Provided further that no allowance shall be granted to an officer under the rule making control of the Secretary of State in Council without his sanction.'

6. All the provisions mentioned above therefore lead me to the conclusion that a person cannot claim pension as of right and in any case the right to recover pension is not actionable. On this ground alone in my opinion the petition is liable to be rejected. Apart from it, the copies of the orders fixing the petitioner's pay at a particular amount have not been filed in this case. Without looking into those orders it is not possible to know as to why his pay has been fixed for purposes of pension at a particular amount, and if any mistake has been committed in fixing that amount.

Annexure C which the petitioner wants to get quashed is only a letter addressed to the petitioner by the Deputy Accountant General. Even if that letter is quashed the petitioner gets nothing until the orders on the basis of which that letter has been issued are quashed. The third hurdle in the way of the petitioner is that the final pension payment order has not yet been issued and only anticipatory pension orders have been issued. It is not known as to what would be the position after the final pension payment orders have been issued. I am of the opinion that in a matter like this the proper remedy of the petitioner is to have recourse to departmental remedies, and that a writ petition is misconceived.

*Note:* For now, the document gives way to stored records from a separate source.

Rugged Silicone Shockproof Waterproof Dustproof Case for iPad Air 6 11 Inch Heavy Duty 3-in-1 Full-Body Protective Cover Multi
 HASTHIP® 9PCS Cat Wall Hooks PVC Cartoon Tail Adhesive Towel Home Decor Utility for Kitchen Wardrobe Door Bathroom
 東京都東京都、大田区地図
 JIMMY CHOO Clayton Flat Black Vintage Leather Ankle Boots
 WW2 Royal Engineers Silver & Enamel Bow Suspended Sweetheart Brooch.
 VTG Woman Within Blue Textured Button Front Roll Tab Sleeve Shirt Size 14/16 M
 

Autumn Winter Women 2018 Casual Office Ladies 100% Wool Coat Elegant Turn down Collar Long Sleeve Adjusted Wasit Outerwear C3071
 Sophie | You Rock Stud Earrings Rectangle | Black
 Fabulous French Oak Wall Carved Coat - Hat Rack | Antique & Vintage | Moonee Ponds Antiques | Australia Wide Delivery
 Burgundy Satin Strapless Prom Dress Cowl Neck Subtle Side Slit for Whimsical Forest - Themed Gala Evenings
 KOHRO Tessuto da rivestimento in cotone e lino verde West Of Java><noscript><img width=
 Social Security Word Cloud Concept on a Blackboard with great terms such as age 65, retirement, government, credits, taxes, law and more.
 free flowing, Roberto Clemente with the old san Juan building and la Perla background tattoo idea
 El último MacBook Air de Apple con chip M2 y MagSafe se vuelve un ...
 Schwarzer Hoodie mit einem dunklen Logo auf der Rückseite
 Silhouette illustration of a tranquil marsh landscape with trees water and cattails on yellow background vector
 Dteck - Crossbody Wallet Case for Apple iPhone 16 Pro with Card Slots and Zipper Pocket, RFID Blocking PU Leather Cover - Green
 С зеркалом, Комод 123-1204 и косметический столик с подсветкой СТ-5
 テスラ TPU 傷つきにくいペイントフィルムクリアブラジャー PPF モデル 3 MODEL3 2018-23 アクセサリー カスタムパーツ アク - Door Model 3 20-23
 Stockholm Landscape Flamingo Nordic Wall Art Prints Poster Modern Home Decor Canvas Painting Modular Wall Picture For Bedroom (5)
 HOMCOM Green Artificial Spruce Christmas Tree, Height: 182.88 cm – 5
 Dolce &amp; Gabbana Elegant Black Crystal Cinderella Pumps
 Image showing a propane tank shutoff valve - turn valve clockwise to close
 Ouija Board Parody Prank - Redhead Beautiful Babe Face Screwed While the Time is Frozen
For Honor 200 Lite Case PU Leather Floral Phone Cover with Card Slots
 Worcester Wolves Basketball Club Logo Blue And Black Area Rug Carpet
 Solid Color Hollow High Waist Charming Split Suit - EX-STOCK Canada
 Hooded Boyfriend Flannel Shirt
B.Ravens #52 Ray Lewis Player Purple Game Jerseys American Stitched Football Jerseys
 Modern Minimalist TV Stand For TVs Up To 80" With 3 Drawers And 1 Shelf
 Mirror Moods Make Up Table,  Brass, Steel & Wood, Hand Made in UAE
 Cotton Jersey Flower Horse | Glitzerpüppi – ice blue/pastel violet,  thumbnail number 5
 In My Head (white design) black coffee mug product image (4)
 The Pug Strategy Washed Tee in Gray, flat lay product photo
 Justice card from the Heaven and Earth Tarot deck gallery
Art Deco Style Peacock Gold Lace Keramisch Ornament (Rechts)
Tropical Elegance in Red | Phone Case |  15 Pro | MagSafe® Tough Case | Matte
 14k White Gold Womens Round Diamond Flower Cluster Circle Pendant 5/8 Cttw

It would also be seen that the petitioner had originally moved a writ petition (No. 3183 of 1957) in this court. The prayer in that petition was for the issue of a writ of mandamus commanding the State of U. P., the Inspector General of Prisons and the Accountant General, U. P. to decide the question of the amount of pension of the petitioner at once according to law and also the question of balance of salary for the period of leave taken by the petitioner before his retirement and also the question of increments which were not given to him. There was also a prayer for a writ of mandamus directing the respondents to pay the pension due to the petitioner. That petition came up for hearing on 14-11-1958 and it was not pressed by the learned counsel for the petitioner on the ground that it had become infructuous and was consequently dismissed.

Learned counsel has stated before me to day that in as much as the letter dated 26-9-1958 had been sent to the petitioner and papers have been sent for the final pension payment order and an anticipatory pension has been fixed, that writ petition was not pressed and was consequently got dismissed. In my opinion under those circumstances the second petition would not lie and the petition is liable to be rejected on this ground also. The petitioner could have got the earlier writ petition No. 3183 of 1957 amended if he thought that the reliefs he had claimed were not wide enough to cover the situation arising because of the letter dated 26-9-1958 having been sent to him. Having considered all these matters I am of the opinion that the petition is misconceived and is liable to be rejected It is accordingly rejected.